19ª – Termos em que deve ser proferido douto acórdão que revogue o despacho recorrido (Refª Citius 7010139) na parte em que indeferiu a pretensão dos Recorrentes relativa à junção de "documentos em poder de terceiros", ordenando ao Tribunal "a quo" para que este notifique as Seguradoras a fim das mesmas juntarem aos autos cópias dos documentos devidamente identificados e relacionados no requerimento probatório dos Recorrentes (Ref1 Citius 1988284).

Os Apelados contra-alegaram, pugnando pela improcedência do recurso.

Efectuado o exame preliminar e corridos os vistos legais, cumpre decidir.
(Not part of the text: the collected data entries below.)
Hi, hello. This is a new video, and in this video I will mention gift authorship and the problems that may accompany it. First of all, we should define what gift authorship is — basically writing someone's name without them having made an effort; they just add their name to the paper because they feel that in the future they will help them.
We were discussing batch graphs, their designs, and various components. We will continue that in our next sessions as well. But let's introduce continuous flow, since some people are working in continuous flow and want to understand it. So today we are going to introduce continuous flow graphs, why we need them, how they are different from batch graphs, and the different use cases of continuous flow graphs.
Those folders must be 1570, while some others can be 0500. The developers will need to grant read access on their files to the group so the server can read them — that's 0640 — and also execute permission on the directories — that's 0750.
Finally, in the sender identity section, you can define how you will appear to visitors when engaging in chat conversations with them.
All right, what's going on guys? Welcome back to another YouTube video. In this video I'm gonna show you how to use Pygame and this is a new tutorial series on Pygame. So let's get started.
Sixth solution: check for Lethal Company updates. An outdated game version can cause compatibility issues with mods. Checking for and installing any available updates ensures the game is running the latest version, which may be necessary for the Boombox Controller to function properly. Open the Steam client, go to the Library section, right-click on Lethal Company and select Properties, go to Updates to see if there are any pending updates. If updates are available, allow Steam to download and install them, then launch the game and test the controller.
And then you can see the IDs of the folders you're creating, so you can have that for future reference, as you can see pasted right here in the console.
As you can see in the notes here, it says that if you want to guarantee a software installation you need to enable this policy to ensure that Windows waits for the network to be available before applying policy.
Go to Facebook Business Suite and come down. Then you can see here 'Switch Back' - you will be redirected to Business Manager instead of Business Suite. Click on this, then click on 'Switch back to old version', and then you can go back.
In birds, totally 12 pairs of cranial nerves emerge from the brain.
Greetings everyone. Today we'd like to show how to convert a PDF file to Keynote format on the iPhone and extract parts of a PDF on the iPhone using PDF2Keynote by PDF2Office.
São as conclusões das alegações do recorrente que fixam e delimitam o objecto do recurso e, por conseguinte, as questões a decidir, sem prejuízo da ampliação pelo recorrido do âmbito do recurso nos termos do art.º 684.º-A do CPC e das questões de conhecimento oficioso (cfr. art.º 684.º, n.º 3, e 690.º e 660.º, n.º 2, este por remissão do art.º 713.º, n.º 2, do CPC), desde que as questões suscitadas pelo recorrente ou pelo recorrido se situem no âmbito das apreciadas pela decisão recorrida ou de que a mesma devesse conhecer por referência ao pedido das partes.

As questões a decidir consistem, pois, em saber se deveriam ter sido mandados solicitar os documentos pretendidos pelos Apelantes, com a consequente revogação do despacho recorrido.

II – Apreciando

Àquele que invocar um direito cabe fazer prova dos factos constitutivos do direito alegado (cfr. art.º 342.º, n.º 1, do CC).

Sempre que alguma das partes alegue justificadamente dificuldade séria em obter documento ou informação que condicione o eficaz exercício de faculdade ou o cumprimento de ónus ou dever processual, deve o juiz, sempre que possível, providenciar pela remoção do obstáculo (cfr. art.º 266.º, n.º 4, do CPC).

Para o efeito, incumbe ao tribunal, por sua iniciativa ou a requerimento de qualquer das partes, requisitar informações, pareceres técnicos, plantas, fotografias, desenhos, objectos ou outros documentos necessários ao esclarecimento da verdade, podendo a requisição der feita aos organismos oficiais, às partes ou a terceiros (cfr. art.º 535.º, n.ºs 1 e 2, do CPC).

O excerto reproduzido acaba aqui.